New committee to oversee county 911 system


By D.A. Wilkinson

The 911 system overall worked well during the Sept. 14 storm.

LISBON — Columbiana County’s efforts to provide 911 service for cell phones got off to a slow start.

The committee that created the system for land phones by law had to dissolve after its activation Sept. 11.

The new committee, the Columbiana County 911 Emergency Services Commission, will also oversee the entire system and the addition of 911 service for cell phones.

The committee had its first meeting Tuesday, but only three people — including two from the county’s Emergency Management Agency — showed up.

About 19 people are supposed to serve on the committee.

Robert Emmons, the assistant chairman and director of the project, said Commissioner Dan Bing, program chairman, was involved in candidate interviews Tuesday for another public board on which he serves.

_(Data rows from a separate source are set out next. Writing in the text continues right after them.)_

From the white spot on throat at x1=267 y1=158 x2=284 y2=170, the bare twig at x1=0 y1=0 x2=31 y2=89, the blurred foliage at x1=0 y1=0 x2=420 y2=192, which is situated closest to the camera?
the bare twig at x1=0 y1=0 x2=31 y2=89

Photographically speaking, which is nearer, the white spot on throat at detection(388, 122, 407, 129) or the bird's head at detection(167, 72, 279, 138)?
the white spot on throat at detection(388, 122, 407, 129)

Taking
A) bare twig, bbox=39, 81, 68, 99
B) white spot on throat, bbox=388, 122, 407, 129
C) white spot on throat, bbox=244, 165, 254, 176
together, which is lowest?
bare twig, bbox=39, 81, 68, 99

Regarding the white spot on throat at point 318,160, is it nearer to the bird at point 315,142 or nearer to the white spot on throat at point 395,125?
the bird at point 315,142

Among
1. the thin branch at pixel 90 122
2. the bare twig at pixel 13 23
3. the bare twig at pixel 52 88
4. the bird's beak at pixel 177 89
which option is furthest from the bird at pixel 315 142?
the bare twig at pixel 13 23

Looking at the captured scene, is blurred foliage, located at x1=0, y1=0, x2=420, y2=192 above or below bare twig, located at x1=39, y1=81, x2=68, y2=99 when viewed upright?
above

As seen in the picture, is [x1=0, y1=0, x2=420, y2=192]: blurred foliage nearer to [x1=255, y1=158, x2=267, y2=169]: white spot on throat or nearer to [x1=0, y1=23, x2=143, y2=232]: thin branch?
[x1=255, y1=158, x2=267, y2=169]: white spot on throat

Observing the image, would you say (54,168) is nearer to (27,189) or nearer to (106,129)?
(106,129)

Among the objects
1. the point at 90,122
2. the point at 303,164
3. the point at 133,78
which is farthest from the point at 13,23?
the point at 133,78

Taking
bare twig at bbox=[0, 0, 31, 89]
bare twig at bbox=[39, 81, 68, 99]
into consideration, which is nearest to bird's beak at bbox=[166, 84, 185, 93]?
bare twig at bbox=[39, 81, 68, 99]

Appointees representing the Salem and East Liverpool mayors, the sheriff’s office, the county police chiefs association, the Ohio State Highway Patrol, the county firefighters association, three telephone companies and the county trustees association somehow were not notified.

Emmons said calls to new members may not have been completed by the commissioners office.

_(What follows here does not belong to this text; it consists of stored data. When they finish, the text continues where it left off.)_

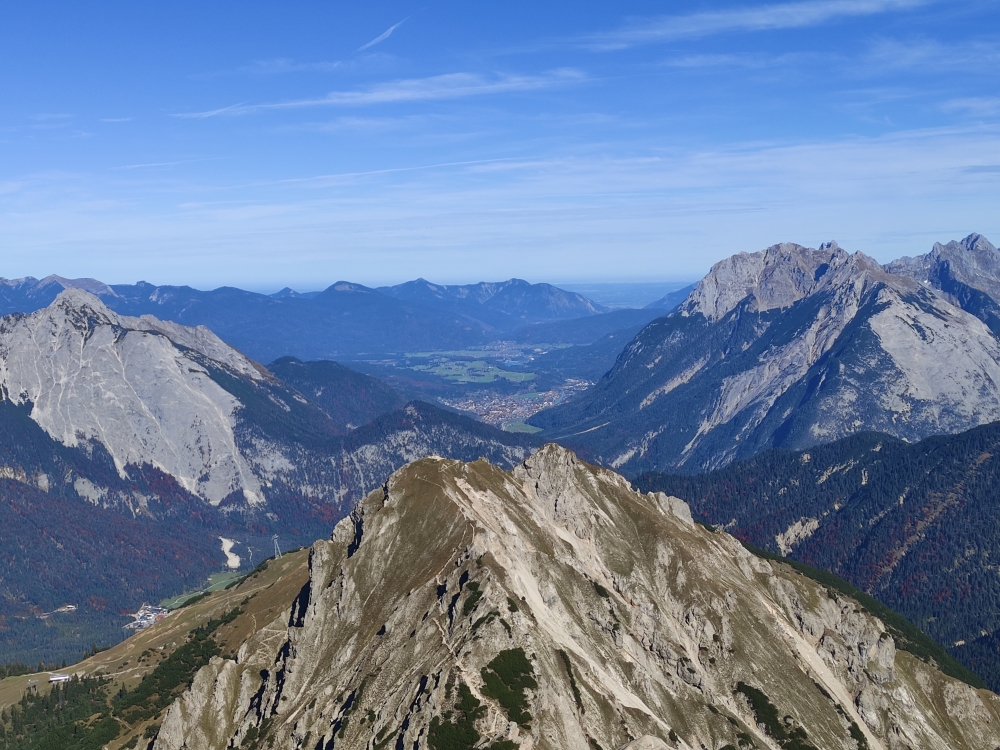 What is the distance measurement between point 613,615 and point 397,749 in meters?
59.9

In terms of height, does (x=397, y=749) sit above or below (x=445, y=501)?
below

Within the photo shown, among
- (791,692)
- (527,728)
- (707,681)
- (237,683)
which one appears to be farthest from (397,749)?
(791,692)

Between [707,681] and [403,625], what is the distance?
2495 inches

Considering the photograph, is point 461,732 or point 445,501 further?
point 445,501

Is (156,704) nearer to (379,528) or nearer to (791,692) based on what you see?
(379,528)

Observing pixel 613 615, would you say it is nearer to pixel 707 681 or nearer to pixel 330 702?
pixel 707 681

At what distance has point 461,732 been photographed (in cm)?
14425

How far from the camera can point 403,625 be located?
172125mm

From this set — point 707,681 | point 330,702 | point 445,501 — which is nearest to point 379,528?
point 445,501

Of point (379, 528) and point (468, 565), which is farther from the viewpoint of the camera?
point (379, 528)

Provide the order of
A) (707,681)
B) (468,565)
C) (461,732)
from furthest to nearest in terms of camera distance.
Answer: (707,681), (468,565), (461,732)

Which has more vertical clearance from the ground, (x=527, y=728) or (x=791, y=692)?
(x=527, y=728)

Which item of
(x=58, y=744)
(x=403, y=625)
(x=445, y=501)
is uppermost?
(x=445, y=501)

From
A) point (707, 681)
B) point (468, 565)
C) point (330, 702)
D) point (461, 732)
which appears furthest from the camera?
point (707, 681) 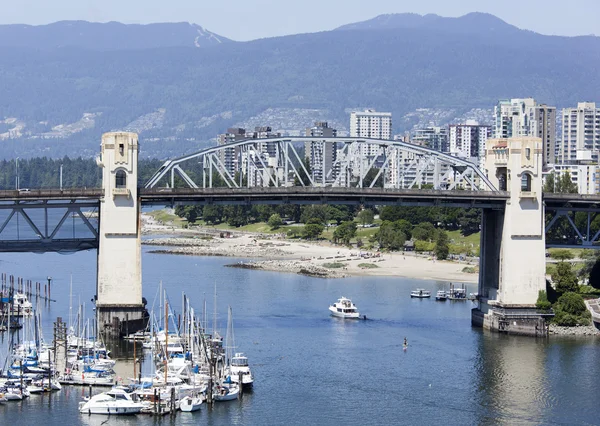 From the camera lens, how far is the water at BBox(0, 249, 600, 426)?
190 feet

Under the new committee’s plan, the number of people who show up create a quorum to conduct business, not that there was much of it.

Emmons said the biggest task is the electronic mapping of the county that would allow safety forces to find the location from which a 911 cell call was made.

The county has funds set aside for the work that is expected to take up to nine months to complete. There’s no estimate of when the project would begin.

The good news is that the 911 land-line system worked well.

Emmons said that starting around 7 p.m. Sept. 14, dispatchers received hundred of calls about downed utility lines.

Emmons said safety forces need to be alerted to sparking electrical wires. Without sparking, lines that are just down require a call to the appropriate phone company.

The county has five answering points. When East Palestine lost power, it turned to a backup generator.

“The generator in East Palestine is old and tired,” Emmons said.

The generator is about 30 years old and couldn’t produce enough power to keep full operations going. But the land 911 program was able to route calls to the answering system at the East Palestine Police Department.

Emmons said he’s not sure if the new committee will consider replacing East Palestine’s generator.

The new committee may meet again in November or January.